*WORK INSTRUCTION:* Copy the data that follows exactly. Include no pictures.

*DATASET EXTRACT:*
■ ■ ■ ■ ■

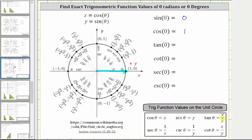Tangent zero is equal to y divided by x, which is zero divided by one. Zero divided by one is equal to zero.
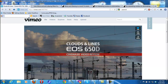Hey guys, what's up? It's once again mp4podcast.com. Today I want to talk about the Canon EOS 650D — that's in Europe. In North America it's called the Canon Rebel T4i, and I believe in Asia it's called the Canon EOS KISS 650D.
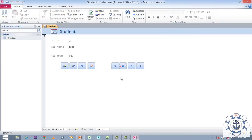This is how you use command buttons for navigation and for adding and deleting records. I think you guys have enjoyed this video. Thanks for watching.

■ ■ ■ ■ ■

*WORKED SOLUTION:*
Tangent zero is equal to y divided by x, which is zero divided by one. Zero divided by one is equal to zero.
Hey guys, what's up? It's once again mp4podcast.com. Today I want to talk about the Canon EOS 650D — that's in Europe. In North America it's called the Canon Rebel T4i, and I believe in Asia it's called the Canon EOS KISS 650D.
This is how you use command buttons for navigation and for adding and deleting records. I think you guys have enjoyed this video. Thanks for watching.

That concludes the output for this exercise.